On 14 December 1914 Block 1, the 6 houses to Wakefield Road were named ‘Belgian Terrace’, in either solidarity with the invaded country or commemoration of the recent battles. Blocks 2 and 3 forming the cul de sac of the extended Poplar road were called Gelder Terrace, presumably after the late Moldgreen man George Gelder (1819-1899), public health reformer, preacher and textile merchant, described as “The Grand Old Methodist of Huddersfield”. Block 4 of 22 tenements facing Poplar Road is often known as Poplar Terrace.

The flats feature in Workers’ Housing in West Yorkshire 1750-1920 (by Lucy Caffyn with the Royal Commission on the Historical Monuments of England and West Yorkshire Metropolitan County Council) HMSO 1986. p142-3, pl. 169.
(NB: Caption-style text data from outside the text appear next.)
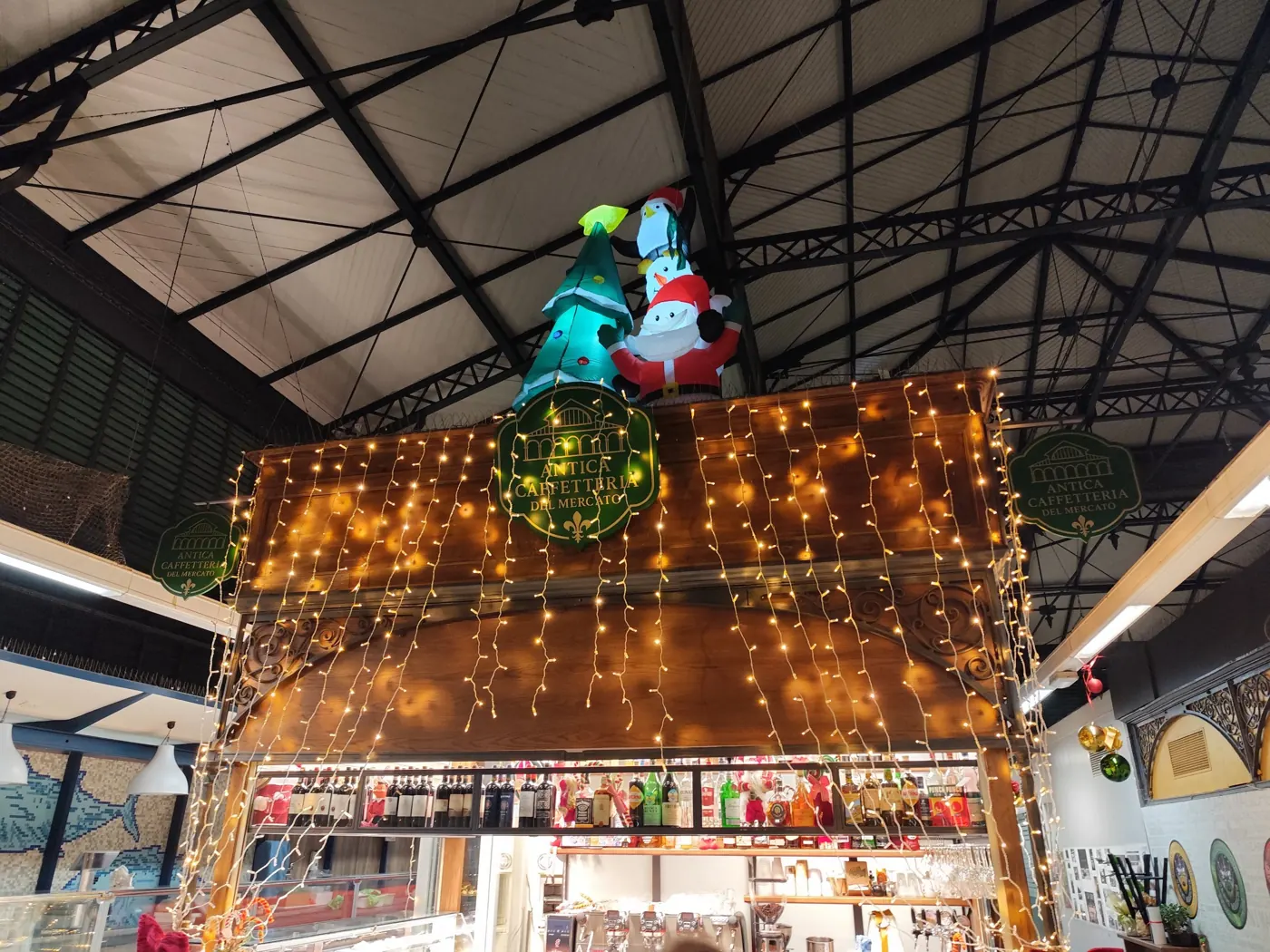 Bancone di una caffetteria in un mercato coperto con tende di luci calde e Babbo Natale, pupazzo di neve e albero gonfiabili illuminati in cima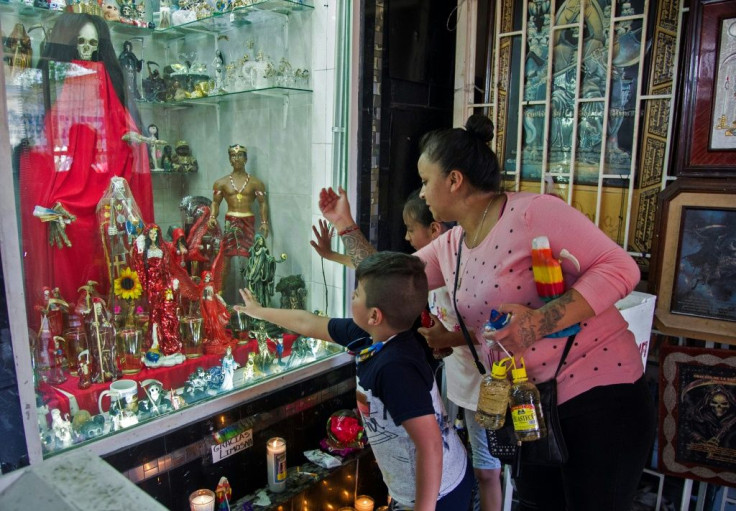 Others indoctrinate their children into the cult of Santa Muerte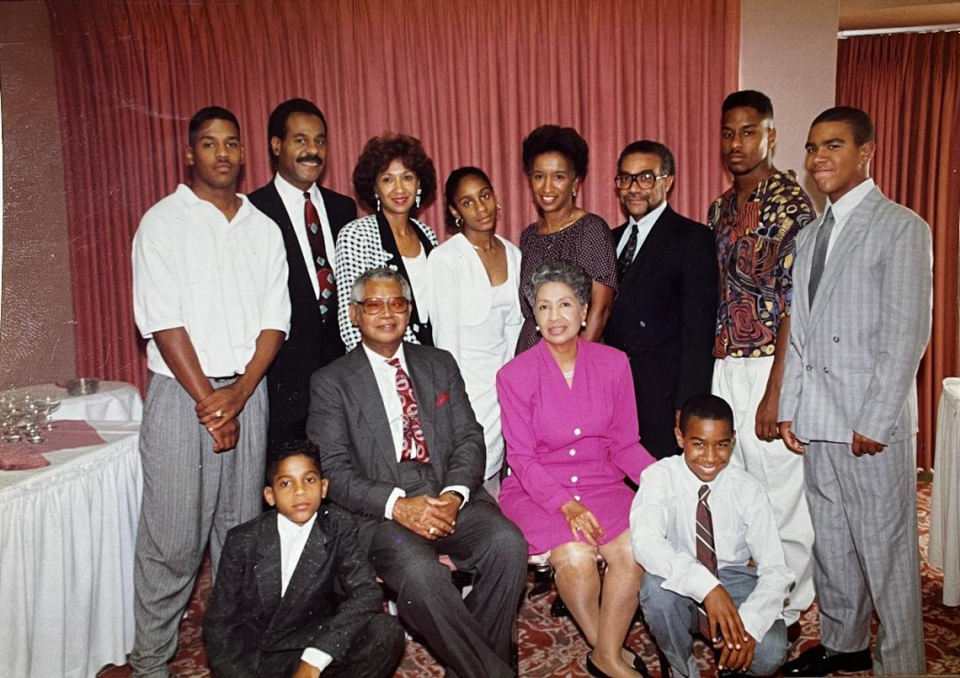 Bettylu Donaldson (center row, right) smiles for a photo surrounded by her husband Davenport Donaldson (center row, left), daughter Dianne Cleaver (top row, third from left), son-in-law Emannuel Cleaver II (top row, second from left) and other family members. She had four children and helped her son-in-law during his multiple campaigns for office.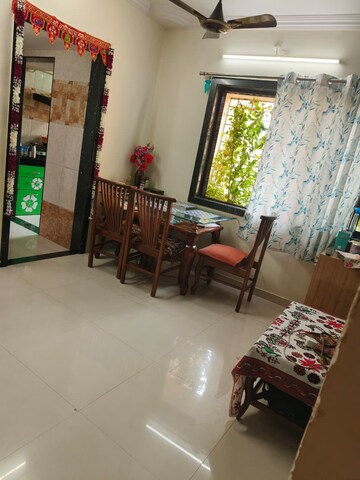 Living Room in 1 BHK Apartment at Sadguru Garden CHS, Ghodbunder Road – for Sale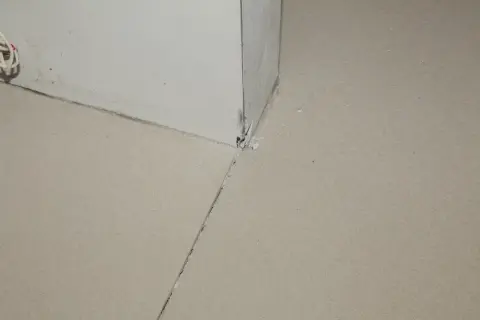 Widok na narożnik ściany i podłogi, gdzie widać, jak zrobić dylatacje w wylewce. Widoczne są szczeliny i fragmenty materiału.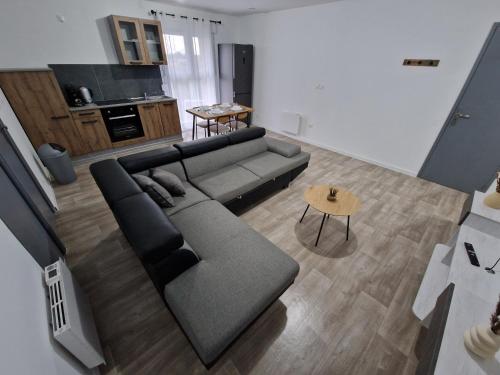 a living room with a couch and a table at AU BON PLAN in Maubeuge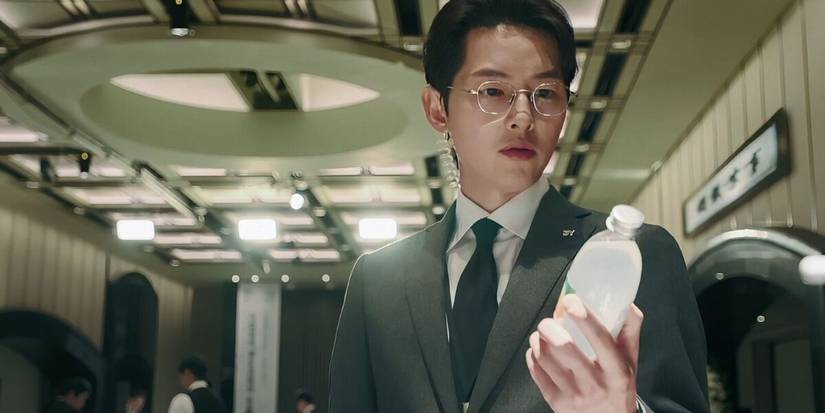 Song Joong-ki as Jin Do-jun holding bottle in Reborn Rich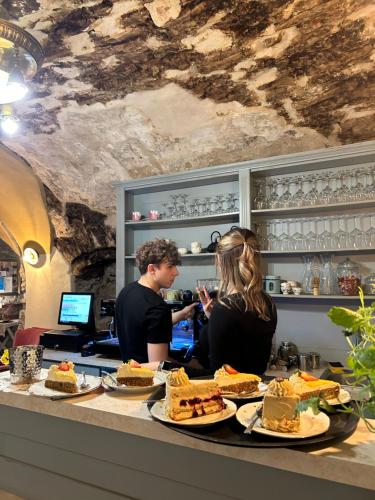 a man and woman sitting at a table with food at Amante Boutique in Kuressaare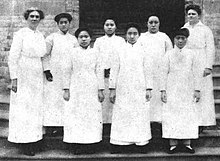 Eight women, standing, all wearing nurses' white uniforms. The middle six women are young Chinese nursing students; the white woman on the left of them is tall with greying hair; the white woman on the right of them has dark hair and a plump body.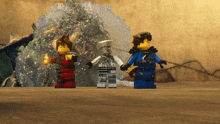 a group of lego figures are standing in front of a waterfall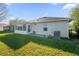 Backyard view with patio and lush grass at 164 Pergola Pl, Ormond Beach, FL 32174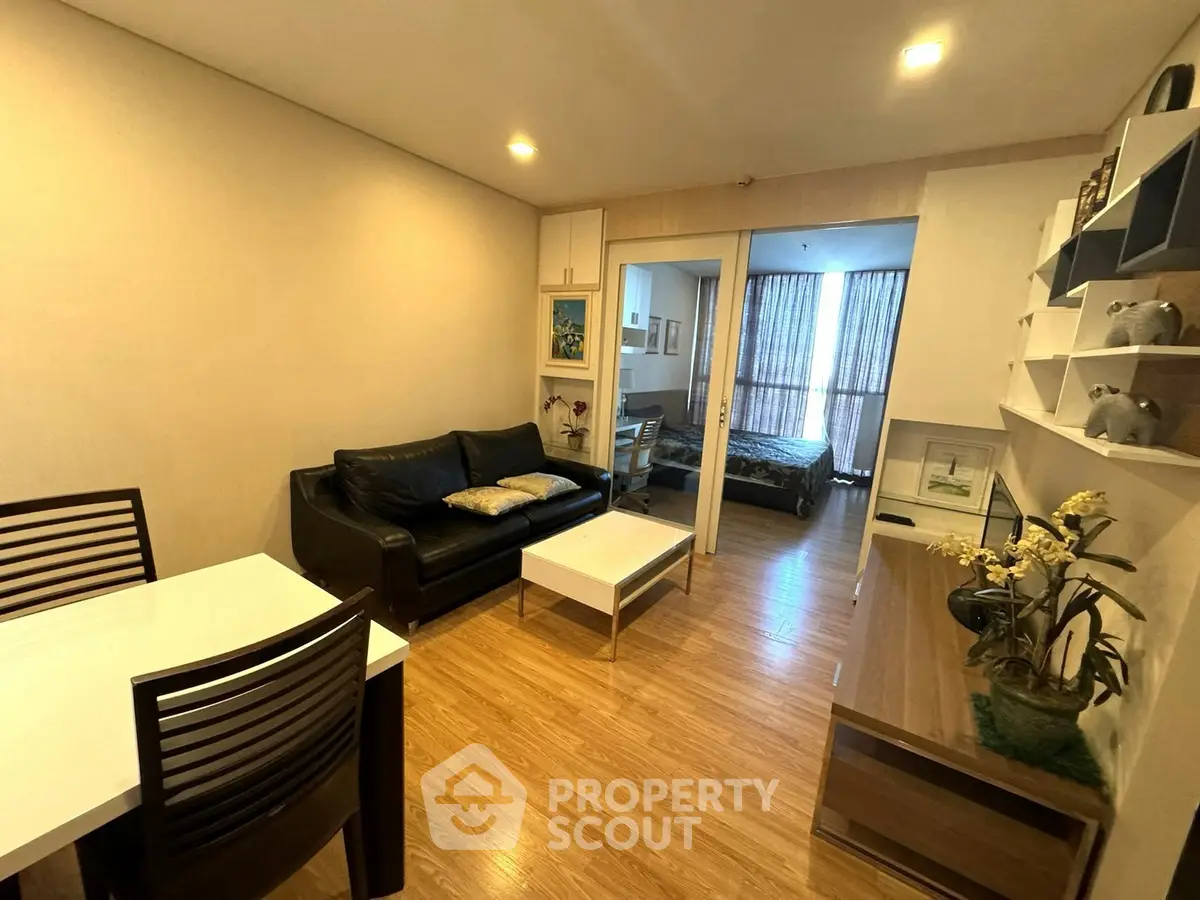 Cozy living room with modern decor and open view to bedroom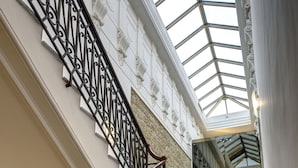 A marble staircase with ornate black iron railings leading to a glass-paneled upper level. - UNA Hotels Napoli (Naples)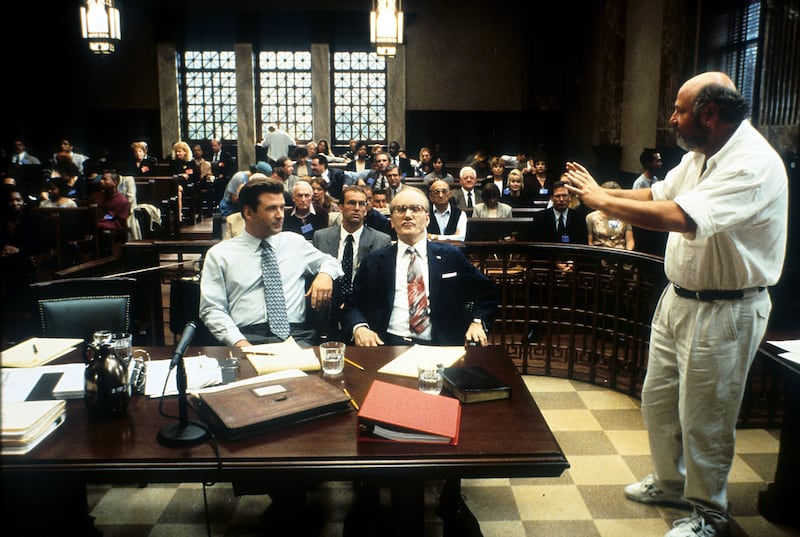 Alec Baldwin and James Woods listen to director Rob Reiner
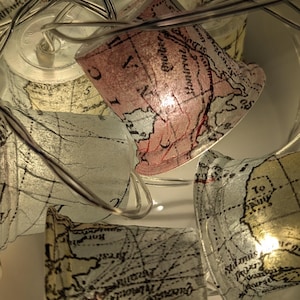 May include: String of lights with globe-shaped bulbs. Each bulb is covered in a vintage map print with a pink, cream and brown colour scheme. The lights are strung on a clear wire.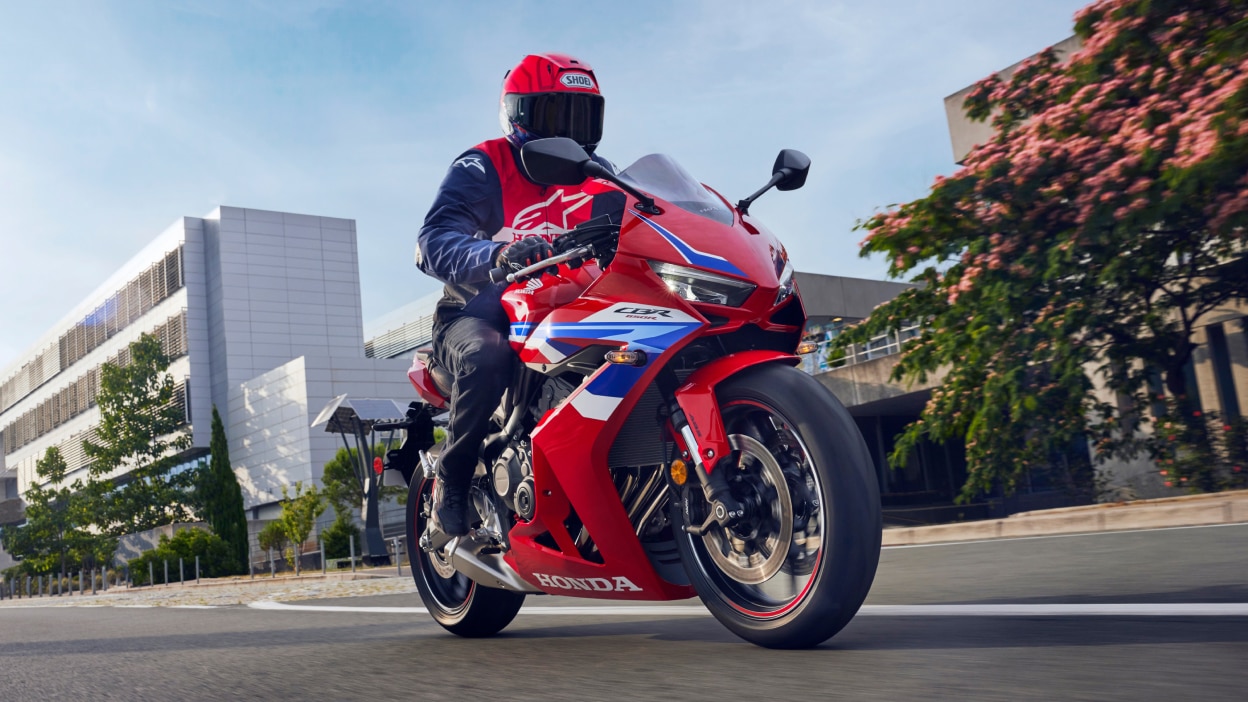 Rider on CBR650R in city landscape.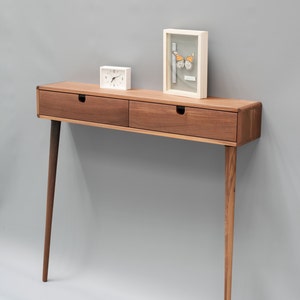 May include: A wooden console table with two drawers and tapered legs. The table is made of walnut wood and has a natural finish. A small white clock and a framed picture of a butterfly are on top of the table.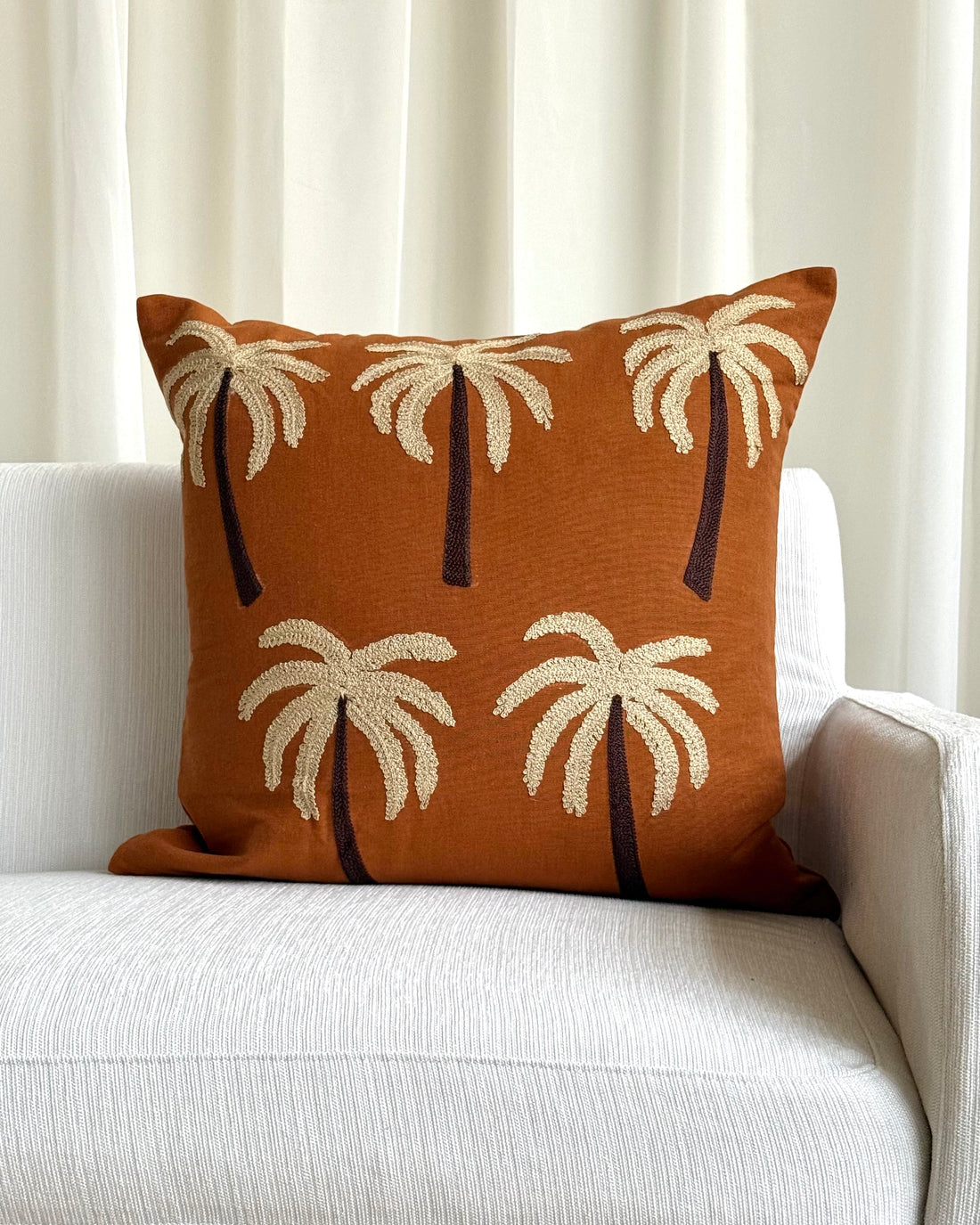 An orange-brown throw pillow with a palm tree pattern, resting on a light gray textured sofa in front of cream curtains.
There was a vile murder at No 17 Gelder Terrace in 1983. The details of on of the convicted men's appeal are at http://www.ccrc.gov.uk/CCRC_Uploads/HAYES_DENNIS_FRANCIS_-_1_8_02.DOC Don't go there unless you have the stomach for the horror.


----------



## King Al (Feb 25, 2008)

Cool find cinestep, Real ghost town feel


----------



## smileysal (Feb 25, 2008)

I do like these, they look great.  Shame about the stone throwing chavs tho


----------



## Foxylady (Feb 27, 2008)

Really enjoyed seeing your pics, Cinestep. Very interesting history too. Good report.

Cheers


----------



## UrbanX (Feb 27, 2008)

Nice find! Good commentary too BTW, you've done your homework! 
Take it they were all locked up tight?


----------



## DJhooker (Feb 27, 2008)

Reminds me of Salford! (aka the ghetto!)


----------



## strange (Mar 12, 2008)

just read up on the murder. nasty stuff they should have got longer than 17 years that was just plain evil! nice find tho i love places like this


----------



## DPW2008 (Mar 13, 2008)

Nice find - bloody chavs get everywhere don't they! Looks quite a modern site.


----------



## Jetbrown (Aug 31, 2008)

A couple of the steel door covers are off now, but its a dodgy area to play in.
Would expect a few alchies or druggies to be dossing there!


----------